Google is still trying to launch a music subscription service.
Google is reportedly still pursuing a music streaming service despite several setbacks it has seen over the last few years. A subscription service was one of the original plans Google had in mind when developing Google Music, but that aspect fell short as negotiations with record labels fell flat. As it stands now, Google Play offers music to purchase while Google Music, a virtual music locker launched in 2011, stores and streams purchases and uploads.
Google's streaming subscription attempts have resurfaced in a new report provided by the Wall Street Journal. The company's "Android unit" is reportedly negotiating with music labels to offer a subscription-based Spotify rival. The YouTube division is conducting similar negotiations to provide a subscription service offering music videos and perhaps audio-only streaming as well.

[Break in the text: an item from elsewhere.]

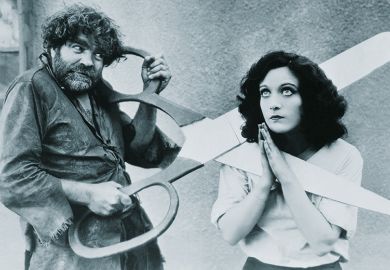 Woman with giant scissors round her neck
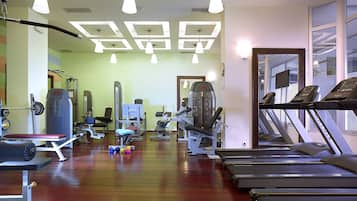 Un gimnasio con cintas de correr, máquinas de pesas y pesas libres.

Based on the provided information, Google's music subscription service may be offered in a three-tier format: a free-yet-limited web-only ad-supported Basic offering, unlimited music for $10/m, and unlimited music + video for $15/m. So far it's unknown how the video portion will effect Vevo which allows YouTube viewers to watch music videos from most of the record labels.
Like Google, Apple has seen its share of roadblocks when dealing with streaming music from record labels. The same sources that talked about Google's attempts claim that Apple is still looking to license music for a custom-radio service similar to Pandora. That said, Google may want something similar with its free music streaming service that's received by Android-based smartphones and tablets.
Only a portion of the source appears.